What is freedom? - paraschopra
http://paraschopra.com/blog/philosophy/what-is-freedom.htm

======
digitalengineer
If you want to see how deep the rabbit hole of freedom can be, I would
recommend "How I Found Freedom in an Unfree World: A Handbook for Personal
Liberty"

 _No matter whether you are young or old, male or female, married or single, I
think How I Found Freedom in an Unfree Word will probably increase your
understanding of how erroneous thinking causes us to restrict our own freedom.
By increasing your awareness of erroneous thinking and offering you better
alternatives, Harry Browne gives you a chance to make choices that will
increase your freedom and happiness. Whether you want to make those choices is
up to you._

More info: [http://www.amazon.com/How-Found-Freedom-Unfree-
World/dp/0965...](http://www.amazon.com/How-Found-Freedom-Unfree-
World/dp/0965603679)

------
vy8vWJlco
Freedom: _noun_ ; 1. the state of having both the authority and ability to
direct the course of one's own life, including to _end_ it ( _IMHO_ ).

------
userulluipeste
Freedom, I am sad to say, is not something that all the people deserve. A
person deserve it only as long and as much as he/she appreciate it.

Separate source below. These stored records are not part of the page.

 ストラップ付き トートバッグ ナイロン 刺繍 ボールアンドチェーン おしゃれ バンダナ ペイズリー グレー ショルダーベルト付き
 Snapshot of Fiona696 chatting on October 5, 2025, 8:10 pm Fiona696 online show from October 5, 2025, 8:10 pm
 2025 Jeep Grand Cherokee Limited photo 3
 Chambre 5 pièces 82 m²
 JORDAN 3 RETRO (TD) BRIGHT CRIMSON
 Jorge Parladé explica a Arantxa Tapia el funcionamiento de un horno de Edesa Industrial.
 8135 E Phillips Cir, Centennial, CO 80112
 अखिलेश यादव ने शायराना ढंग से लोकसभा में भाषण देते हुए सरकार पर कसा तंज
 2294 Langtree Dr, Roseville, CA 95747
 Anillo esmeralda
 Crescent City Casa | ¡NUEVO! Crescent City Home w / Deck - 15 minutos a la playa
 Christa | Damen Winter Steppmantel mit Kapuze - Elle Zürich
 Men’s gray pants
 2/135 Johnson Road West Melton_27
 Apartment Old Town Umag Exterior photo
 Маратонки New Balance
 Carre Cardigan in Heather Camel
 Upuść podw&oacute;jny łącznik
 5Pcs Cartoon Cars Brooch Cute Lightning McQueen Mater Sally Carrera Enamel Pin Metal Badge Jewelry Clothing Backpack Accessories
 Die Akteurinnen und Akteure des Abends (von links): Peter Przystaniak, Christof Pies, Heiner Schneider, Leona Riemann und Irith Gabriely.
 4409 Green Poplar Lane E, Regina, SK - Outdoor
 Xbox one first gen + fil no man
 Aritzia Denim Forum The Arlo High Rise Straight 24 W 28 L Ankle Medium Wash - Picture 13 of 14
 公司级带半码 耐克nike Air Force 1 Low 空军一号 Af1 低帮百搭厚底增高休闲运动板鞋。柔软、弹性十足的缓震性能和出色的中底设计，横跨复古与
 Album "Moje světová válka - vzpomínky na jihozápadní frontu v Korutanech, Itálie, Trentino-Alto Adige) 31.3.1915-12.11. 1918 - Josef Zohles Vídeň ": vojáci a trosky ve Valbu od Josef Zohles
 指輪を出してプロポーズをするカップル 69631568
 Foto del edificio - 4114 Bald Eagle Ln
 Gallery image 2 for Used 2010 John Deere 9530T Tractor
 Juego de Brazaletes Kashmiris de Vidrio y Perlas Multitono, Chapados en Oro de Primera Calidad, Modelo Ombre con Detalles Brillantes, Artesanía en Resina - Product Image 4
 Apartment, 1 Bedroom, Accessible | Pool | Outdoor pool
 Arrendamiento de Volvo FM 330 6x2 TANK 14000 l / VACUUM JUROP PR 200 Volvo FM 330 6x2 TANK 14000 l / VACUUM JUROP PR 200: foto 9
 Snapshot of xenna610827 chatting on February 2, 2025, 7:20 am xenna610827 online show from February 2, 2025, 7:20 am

Sometimes
of course, it's easier and tempting, in order to acquire and secure it, to
leverage one's efforts by seducing others with its appeal, no matter if they
are or aren't capable of enjoying it, and fight for freedom collectively.

...I definitely should follow digitalengineer's recommendation and get
(hopefully) a deeper take on freedom's concept.